WORK INSTRUCTIONS: Beginning at the top of the listing, repeat each line exactly until the line with "Beach Shack 3" has been repeated too.
** INFORMATION PROVIDED follows **
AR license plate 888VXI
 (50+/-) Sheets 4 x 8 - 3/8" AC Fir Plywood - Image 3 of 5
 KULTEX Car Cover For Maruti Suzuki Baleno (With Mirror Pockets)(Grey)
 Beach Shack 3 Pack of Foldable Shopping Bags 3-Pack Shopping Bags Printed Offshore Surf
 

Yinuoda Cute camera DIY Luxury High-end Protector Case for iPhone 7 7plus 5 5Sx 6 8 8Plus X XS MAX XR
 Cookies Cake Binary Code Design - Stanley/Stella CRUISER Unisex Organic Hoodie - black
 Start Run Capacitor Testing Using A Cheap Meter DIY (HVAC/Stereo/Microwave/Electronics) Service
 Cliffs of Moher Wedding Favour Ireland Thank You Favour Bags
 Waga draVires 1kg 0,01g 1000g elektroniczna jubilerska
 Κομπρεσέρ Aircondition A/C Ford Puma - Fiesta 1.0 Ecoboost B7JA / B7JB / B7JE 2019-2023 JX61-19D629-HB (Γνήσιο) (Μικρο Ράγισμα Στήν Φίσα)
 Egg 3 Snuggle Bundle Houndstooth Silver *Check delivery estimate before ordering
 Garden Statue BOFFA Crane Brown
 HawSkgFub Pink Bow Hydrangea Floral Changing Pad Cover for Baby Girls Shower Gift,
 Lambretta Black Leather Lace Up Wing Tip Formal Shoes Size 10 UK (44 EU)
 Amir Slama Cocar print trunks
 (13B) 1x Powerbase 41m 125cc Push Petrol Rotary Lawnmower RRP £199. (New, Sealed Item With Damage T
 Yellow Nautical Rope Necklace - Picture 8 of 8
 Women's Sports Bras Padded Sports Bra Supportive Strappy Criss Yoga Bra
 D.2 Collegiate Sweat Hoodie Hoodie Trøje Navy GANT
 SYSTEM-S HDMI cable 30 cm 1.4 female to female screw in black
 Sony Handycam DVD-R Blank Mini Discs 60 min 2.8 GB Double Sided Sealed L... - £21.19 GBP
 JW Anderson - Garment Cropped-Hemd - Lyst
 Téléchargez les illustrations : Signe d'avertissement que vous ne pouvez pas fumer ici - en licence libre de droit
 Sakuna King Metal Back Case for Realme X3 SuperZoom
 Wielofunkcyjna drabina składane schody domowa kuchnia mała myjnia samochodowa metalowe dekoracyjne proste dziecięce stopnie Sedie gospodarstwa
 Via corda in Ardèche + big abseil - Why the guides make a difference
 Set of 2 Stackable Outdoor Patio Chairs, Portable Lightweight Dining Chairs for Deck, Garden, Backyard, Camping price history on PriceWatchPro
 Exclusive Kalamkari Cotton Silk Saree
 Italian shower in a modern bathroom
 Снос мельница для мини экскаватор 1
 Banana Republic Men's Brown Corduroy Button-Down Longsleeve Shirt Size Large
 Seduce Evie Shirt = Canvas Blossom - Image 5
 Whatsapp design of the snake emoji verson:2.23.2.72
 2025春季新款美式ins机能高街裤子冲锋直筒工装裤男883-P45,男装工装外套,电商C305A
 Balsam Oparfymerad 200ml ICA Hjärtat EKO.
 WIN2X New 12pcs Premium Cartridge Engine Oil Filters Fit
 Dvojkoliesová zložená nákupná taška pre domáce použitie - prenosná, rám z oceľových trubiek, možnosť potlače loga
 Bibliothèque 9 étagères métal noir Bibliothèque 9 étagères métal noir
** End of INFORMATION PROVIDED **
SOLUTION:
AR license plate 888VXI
 (50+/-) Sheets 4 x 8 - 3/8" AC Fir Plywood - Image 3 of 5
 KULTEX Car Cover For Maruti Suzuki Baleno (With Mirror Pockets)(Grey)
 Beach Shack 3 Pack of Foldable Shopping Bags 3-Pack Shopping Bags Printed Offshore Surf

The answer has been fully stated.